The statutes governing preliminary notices are confusing, but compliance doesn’t end there. All of these statutes presume that you know some detailed information about postage rates and the postal system. This is a primer to help you get through, or to understand exactly how your preliminary notice was sent off by zlien .
Certified Mail v. Certified Mail Return Receipt
The differences between “Certified Mail” and “Certified Mail with Return Receipt” are subtle, and the two mail types are frequently confused. There is a clear difference, however.
Notices Sent By Regular Certified Mail
Regular certified mail allows the sending party to track the delivery of a mail piece and find out exactly when and where your item was delivered (or delivery was attempted). Each certified mail piece is assigned a tracking number, and this tracking number is scanned when the mail piece is sent out for delivery and when it is actually delivered.
You can use this tracking number to “Track and Confirm” the mailing, which means you’ll see each and every stop along the way from your post office to the recipients delivery address.
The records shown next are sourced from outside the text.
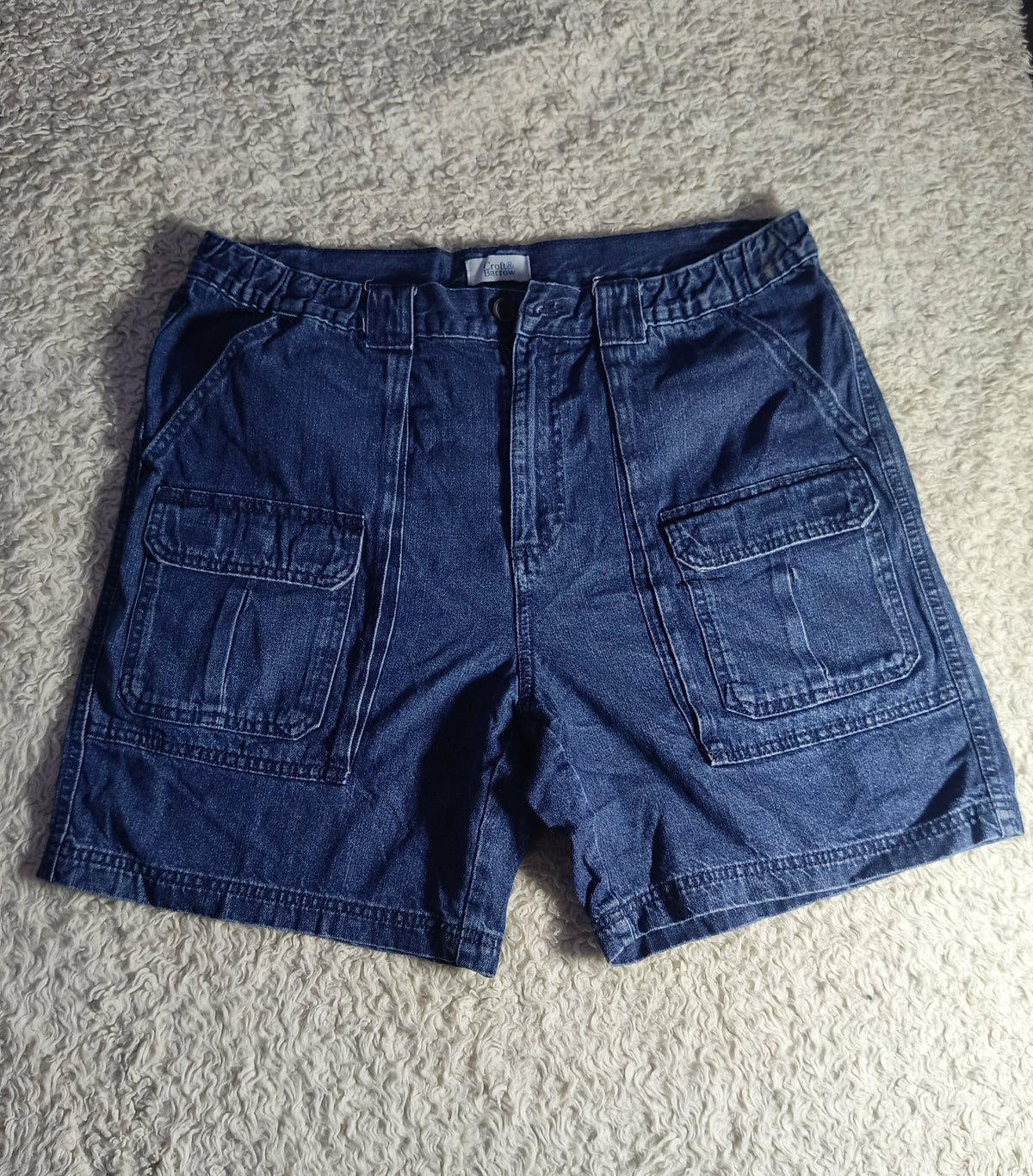 A pair of dark blue denim cargo shorts laid flat on a textured gray carpet. The shorts feature a button closure, belt loops, and two large front cargo pockets.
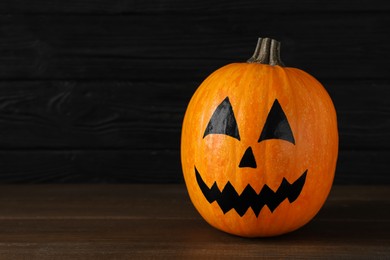 Photo of Pumpkin with drawn spooky face on wooden table, space for text. Halloween celebration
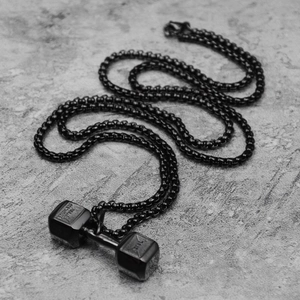 Macro shot of black stainless steel dumbbell pendant showing engraved texture and sturdy chain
When the mail piece arrives at its destination it can only be claimed if the recipient signs for it. Certified mail, therefore, requires the recipients signature. While the signature is stored with the post office and kept on record (and available for viewing for an additional fee), the signature is not mailed back to you or provided to you as a standard practice.
Notices Sent By Certified Mail with Return Receipt Requested
Notices sent by certified mail with return receipt requested are different from those sent by ordinary certified mail. The “Return Receipt Requested” service, in fact, is an additional and supplemental service that you can add to your certified mail piece.
Therefore, when sending a mailing with this service, you will still pay for the certified mail postage and you will still stick the green tracking label on your mail piece. On the back of your mail piece, however, you’ll also add a “green card,” which is what the recipient will sign when the document is delivered. This green card will actually be mailed back to you so you will have additional proof that your mail piece was delivered.
Remember, when you send a mail piece by certified mail without return receipt, you still have proof that it was delivered. The tracking number will yield a delivery confirmation, a signature will have been collected, and the signature will be accessible to you for an additional fee. Getting the green card back is what we call lagniappe in Louisiana. It’s an additional proof (a signature on a green card!).
What Is Required For Your Preliminary Notice?
That is an excellent question. So excellent, in fact, that it doesn’t have a single answer.
In some instances, you may be required to deliver preliminary notices by certified mail only. In other instances, certified mail with return receipt requested may be required. Other mail services — such as restricted delivery — may be required in addition to these services.
What’s more frustrating than this, is that the postage type required may differ not only project-by-project and state-by-state, but it may also differ depending on the party who is receiving it on a single project.
For example, it may be required to send preliminary notice via certified mail to one party, but certified mail with return receipt requested to another party on the same project.